--- Record set ---
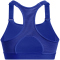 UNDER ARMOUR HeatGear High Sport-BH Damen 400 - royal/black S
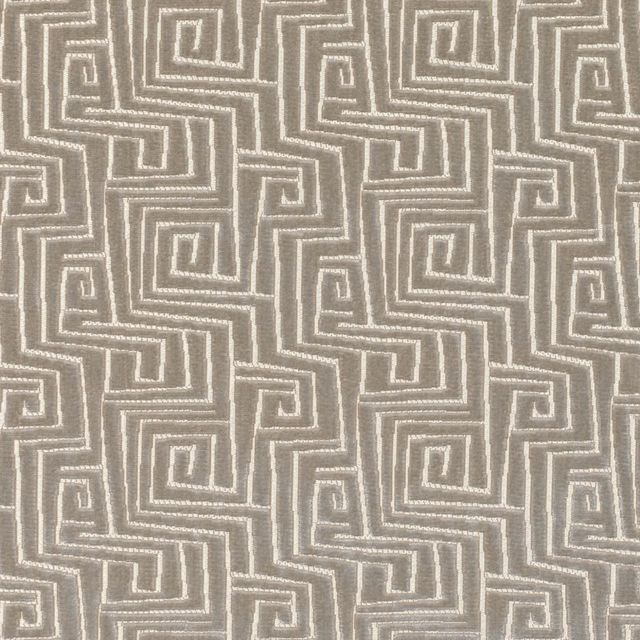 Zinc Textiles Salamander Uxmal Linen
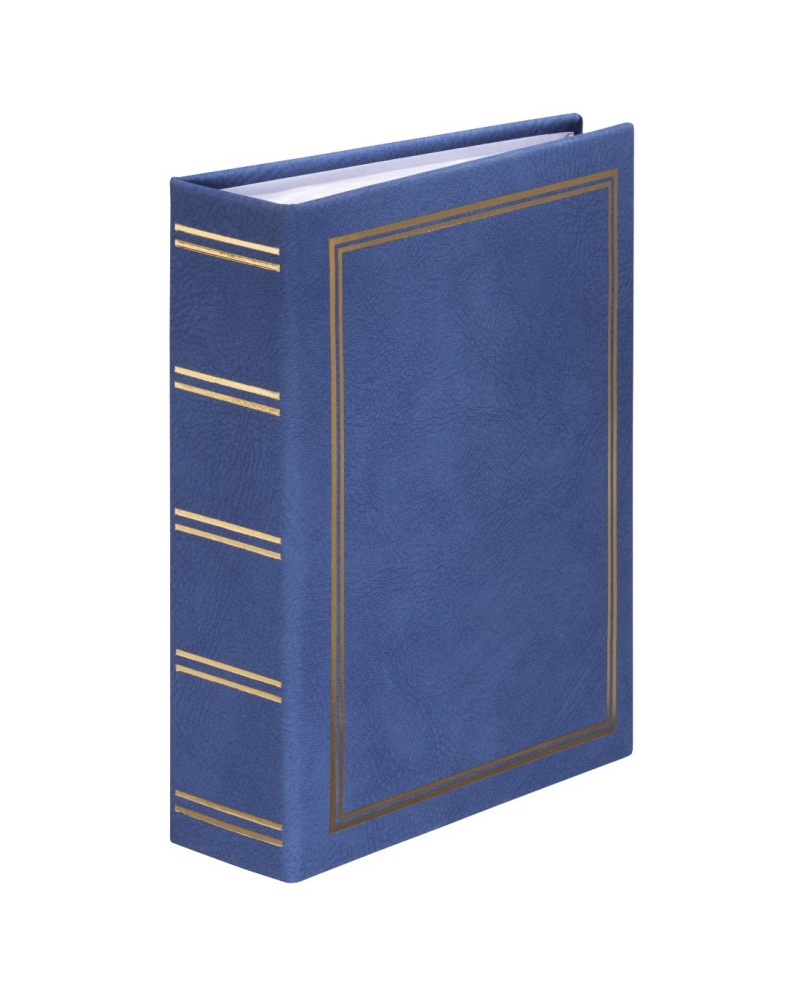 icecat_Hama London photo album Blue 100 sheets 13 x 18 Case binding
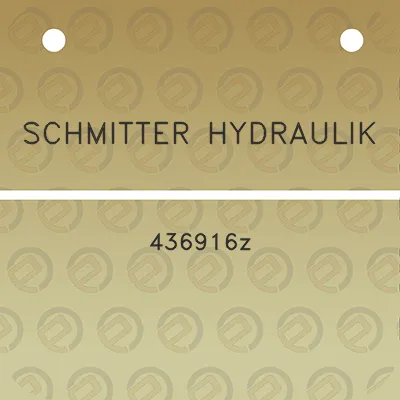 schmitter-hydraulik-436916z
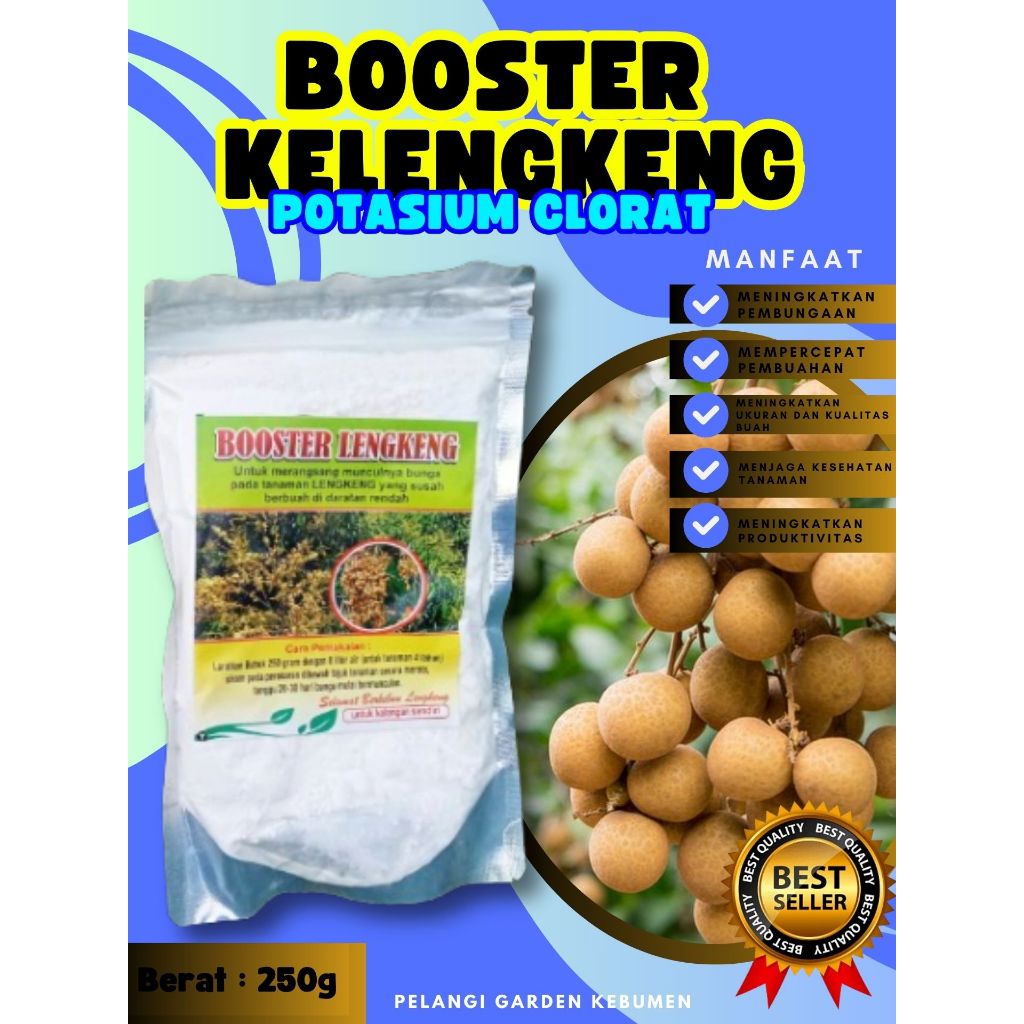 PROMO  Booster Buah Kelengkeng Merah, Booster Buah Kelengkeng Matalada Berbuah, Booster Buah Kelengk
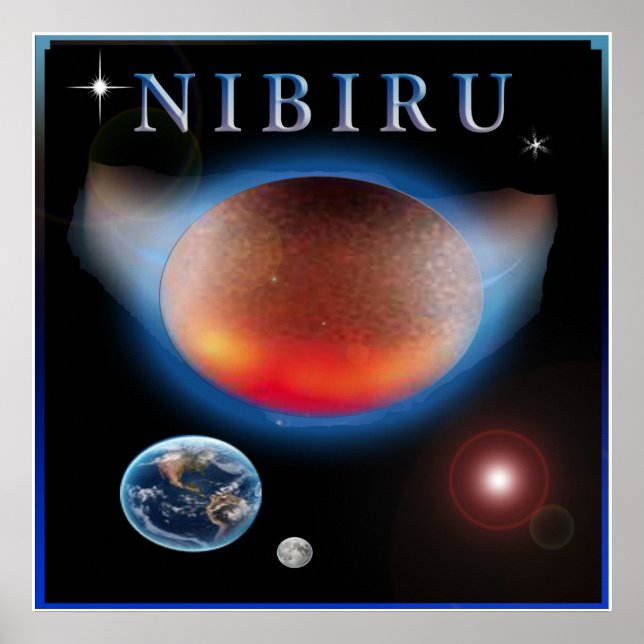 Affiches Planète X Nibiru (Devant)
---
§ Task instructions: A verbatim copy of every record is required, with all pictures excluded.

§ Written response:
 UNDER ARMOUR HeatGear High Sport-BH Damen 400 - royal/black S
 Zinc Textiles Salamander Uxmal Linen
 icecat_Hama London photo album Blue 100 sheets 13 x 18 Case binding
 schmitter-hydraulik-436916z
 PROMO  Booster Buah Kelengkeng Merah, Booster Buah Kelengkeng Matalada Berbuah, Booster Buah Kelengk
 Affiches Planète X Nibiru (Devant)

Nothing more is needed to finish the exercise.